L’ouvrage [du premier requérant] est paru en mars 1997 sous le titre « Aubrac, Lyon 1943 », le volume étant entouré d’une bande portant la mention « une légende à l’épreuve de l’histoire ».

Il ne saurait donc y avoir aucun doute sur le fait que cet ouvrage est dirigé quasi exclusivement contre les Aubrac et qu’il a pour prétention de détruire leur prétendue « légende » de résistants par les moyens rigoureux des historiens ».

Les époux Aubrac y détaillaient ensuite les allégations prétendument diffamatoires des requérants et justifiaient leur qualification de diffamation :

« A. sur les conditions de l’arrestation de Raymond Aubrac en mars 1943

La première de ces falsifications reprochées aux Aubrac serait le fait que Raymond Aubrac aurait été arrêté le 13 mars 1943 et non le 15 mars, ce qui permet à Barbie de soutenir à partir de ce « fait établi » que Raymond Aubrac, arrêté dès le 13 mars, n’a pu se présenter au rendez-vous du 15 mars rue de l’hôtel de ville à Lyon que sous le contrôle de la police française. (...)

B. sur les allégations relatives à la mise en liberté de Raymond Aubrac en mai 1943

Raymond Aubrac a bénéficié d’une ordonnance de mise en liberté datée du 10 mai 1943. Or son épouse, dans un récit autobiographique publié en 1984, place cette libération le 14 mai et Raymond Aubrac lui-même a hésité entre le 14 et le 15 mai dans une déposition du 21 août 1948 dans le cadre du second procès Hardy.

(...) pour [le premier requérant], ce décalage de dates ne peut avoir qu’une seule explication : Raymond Aubrac a passé ces quatre jours à collaborer avec le divin Barbie qui a imposé sa libération aux autorités judiciaires françaises.
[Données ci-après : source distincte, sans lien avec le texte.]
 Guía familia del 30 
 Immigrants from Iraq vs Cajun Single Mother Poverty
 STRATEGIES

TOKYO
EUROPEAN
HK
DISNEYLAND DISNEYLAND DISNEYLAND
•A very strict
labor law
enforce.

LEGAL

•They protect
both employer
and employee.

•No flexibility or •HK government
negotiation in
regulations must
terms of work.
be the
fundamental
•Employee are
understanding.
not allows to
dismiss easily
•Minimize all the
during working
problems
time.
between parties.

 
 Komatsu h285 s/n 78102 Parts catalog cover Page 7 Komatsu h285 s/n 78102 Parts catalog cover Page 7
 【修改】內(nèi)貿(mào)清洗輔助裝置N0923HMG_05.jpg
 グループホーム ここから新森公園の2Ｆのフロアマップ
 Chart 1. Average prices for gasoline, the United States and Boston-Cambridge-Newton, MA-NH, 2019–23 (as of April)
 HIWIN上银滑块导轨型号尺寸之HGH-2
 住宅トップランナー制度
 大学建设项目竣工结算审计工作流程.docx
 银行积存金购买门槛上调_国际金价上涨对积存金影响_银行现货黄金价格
D’autant que Lucie Aubrac a affirmé avoir fait une démarche menaçante auprès du procureur de la République pour qu’il ne s’oppose pas à cette mise en liberté, demande dont [le requérant] feint de s’étonner que l’on ne trouve pas de trace matérielle. (...)

C. sur l’évasion de l’hôpital de l’Antiquaille

(...) Ce chapitre entier revient sur la prétendue affirmation que Lucie Aubrac aurait placé son mari Raymond non seulement parmi les quatre résistants arrêtés le 15 mars 1943, mais parmi ceux libérés le 24 mai, avec pour seul objectif d’opposer le récit des participants à cette évasion afin de les transformer en menteurs. (...)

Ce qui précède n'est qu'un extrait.